Auf diese Weise gelingt es, Sachverstand einzubeziehen, Interessen gegeneinander abzuwägen und Zustimmung in den betroffenen Kreisen für ein Gesetzesvorhaben zu gewinnen, ohne dass der Gesetzgeber sich der einen oder anderen Meinung einfach anschließen würde.

Zurück zum Referentenentwurf: Der fertige Text wird anderen fachlich oder politisch beteiligten Ministerien ebenfalls vorgelegt, weil die zu regelnden Gebiete häufig die Zuständigkeit mehrerer Ressorts berühren.

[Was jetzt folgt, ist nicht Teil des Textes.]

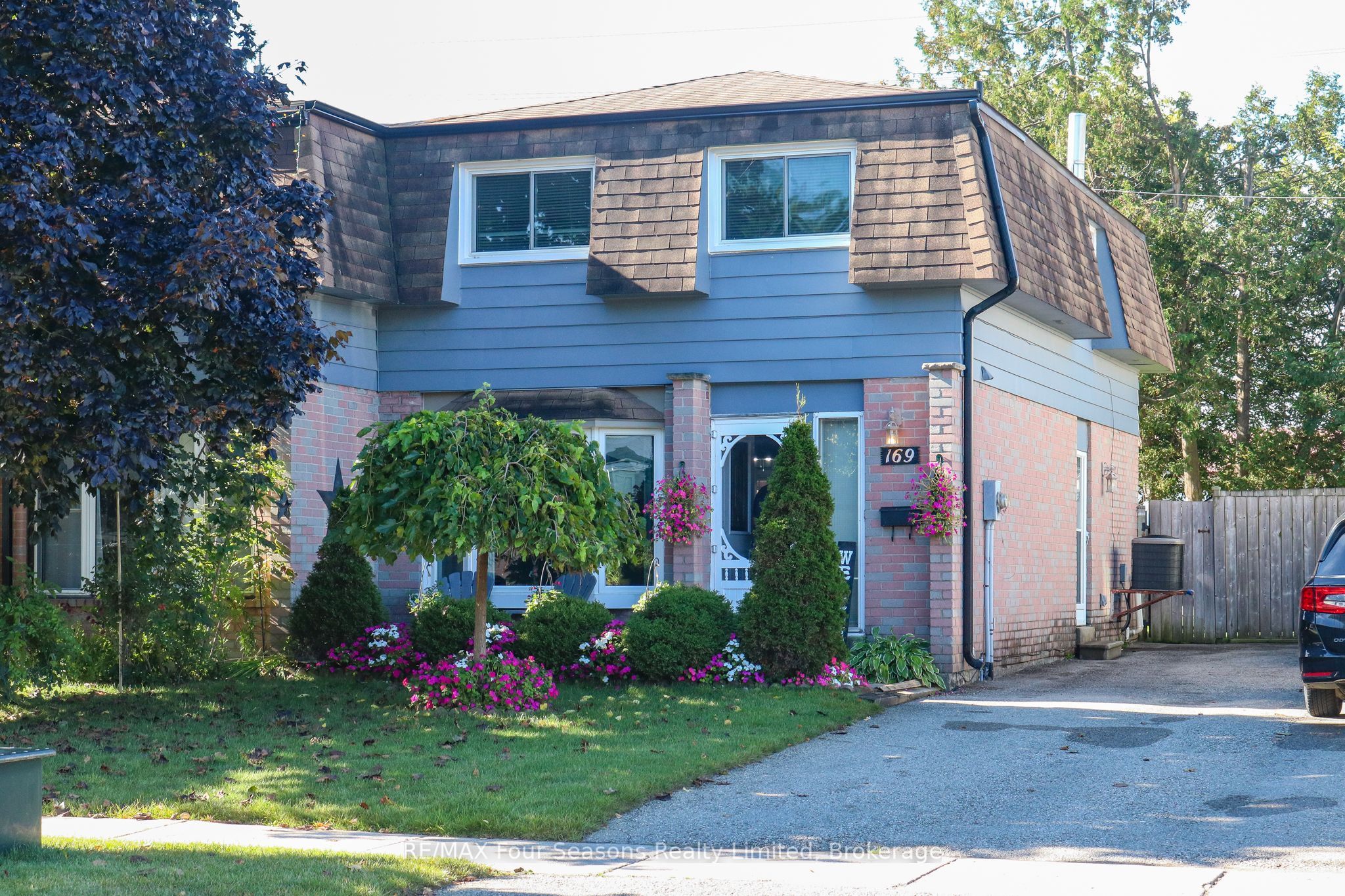 169 Burbank Crescent Property Photo 1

Das gilt insbesondere für kostenwirksame Gesetze, die dem Finanzministerium mit vorgelegt werden müssen. Ähnliches gilt für Gesetze, deren Anwendung sich auf den Umweltschutz auswirken könnte, die so genannte Umweltverträglichkeitsprüfung.

Nach Abstimmung des Textes mit den beteiligten Ministerien wird der Entwurf dem Bundesjustizministerium zur Prüfung der Rechtsförmlichkeit zugeleitet. Geprüft wird die Vereinbarkeit mit geltendem Recht, von der Verfassung über benachbarte oder mitbetroffene Gesetze bis zu den Feinheiten der juristischen Sprache inklusive einer mehr und mehr geschlechtsneutralen Formulierung und der Verweisungstechnik. Danach legt der federführende Minister oder die federführende Ministerin den Gesetzentwurf dem Kabinett - das Kollegium der Bundesregierung, bestehend aus dem Bundeskanzler und allen Ministerinnen und Ministern - zur Beschlussfassung vor. Der vom Kabinett beschlossene Text wird vom Bundeskanzler dem Bundesrat zugeleitet.